After splitting his first two attempts to climb weight classes, featherweight champion Conor McGregor (20-3, 17 KOs) makes his next attempt when he meets lightweight titleholder Eddie Alvarez (28-4, 15 KOs) in the UFC 205 Saturday night at Madison Square Garden in New York City.

McGregor, a braggadocios Irishman with a strong following, is almost four months removed from his revenge decision over welterweight Nate Diaz and looks to hand the Philadelphia native Alvarez his first loss in more than two years while ushering UFC to the Big Apple for the first time.

During Thursday’s press conference, UFC president Dana White opened by shouting: “Finally! We’re here!” McGregor did not show up for the start of the event, but the crowd in attendance were still on his side and booed Alvarez mercilessly.

McGregor actually tweeted from his official account seven minutes after the conference began.

Before exiting the stage prematurely, Alvarez said: “I don’t even have an opponent. When he comes let me know.”

McGregor would show up 21 minutes late, shouting: “Sorry I’m late but I just don’t give a f***!”

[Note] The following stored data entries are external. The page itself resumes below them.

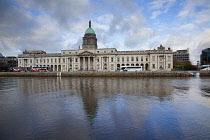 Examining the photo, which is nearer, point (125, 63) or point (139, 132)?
point (139, 132)

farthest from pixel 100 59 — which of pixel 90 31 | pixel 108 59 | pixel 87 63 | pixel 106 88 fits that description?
pixel 106 88

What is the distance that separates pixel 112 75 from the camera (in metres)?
55.2

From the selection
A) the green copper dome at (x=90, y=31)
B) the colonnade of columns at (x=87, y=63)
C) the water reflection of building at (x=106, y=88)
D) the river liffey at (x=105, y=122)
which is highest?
the green copper dome at (x=90, y=31)

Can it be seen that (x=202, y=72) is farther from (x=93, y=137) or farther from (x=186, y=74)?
(x=93, y=137)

Alvarez came back on the stage and slid a chair over to McGregor’s side, causing McGregor to react by charging at Alvarez until White intervened and restrained him.

While each fighter attempts to gain an edge in the mental game, oddsmakers appear to favor McGregor but are calling for the scheduled five-round bout to go longer than at least 2.5 rounds. The latest odds have McGregor as a -145 favorite compared to Alvarez at +115, and the over-under is set at -155 for over 2.5 rounds and +115 for under 2.5 rounds, according to Sportsbook.ag.

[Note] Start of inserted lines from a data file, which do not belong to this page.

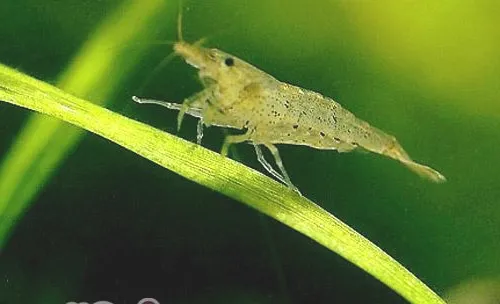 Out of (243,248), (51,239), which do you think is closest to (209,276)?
(243,248)


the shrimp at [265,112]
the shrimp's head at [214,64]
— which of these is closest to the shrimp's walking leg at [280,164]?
the shrimp at [265,112]

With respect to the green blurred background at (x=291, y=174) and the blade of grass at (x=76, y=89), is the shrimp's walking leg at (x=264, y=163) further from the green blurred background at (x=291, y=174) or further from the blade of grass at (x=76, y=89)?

Based on the “Tale of the Tape,” McGregor clearly has the edge as long as the fight doesn’t go to the matt. Reach (74 inches to 69), knockout-rate (85 percent to 65), significant strikes landed per minute (6.02 to 3.64), and strike accuracy (48.51 to 43.4) are all in McGregor’s favor.

But Alvarez, who achieved a first-round technical knockout over Rafael dos Anjos in July, has proven to be a far better grappler and is likely to stay close to McGregor to reduce the damage from his powerful strikes. The 32-year-old Alvarez averages nearly four takedowns per match and is even stronger when it comes to parrying opponents’ attempts to take him down at 92.31 percent defended.

Betting Odds: McGregor -145, Alvarez +115 from Sportsbook.ag

Over/Under: Over 2.5 rounds -155, Under 2.5 rounds +115

Prediction: The fight will ultimately come down to whether or not McGregor can stay upright and employ his considerable punching power. Alvarez has displayed similar, though not equal, power but he has to avoid a slugfest, something McGregor’s prone to force opponents into.

Look for McGregor to win with a knockout in the second round.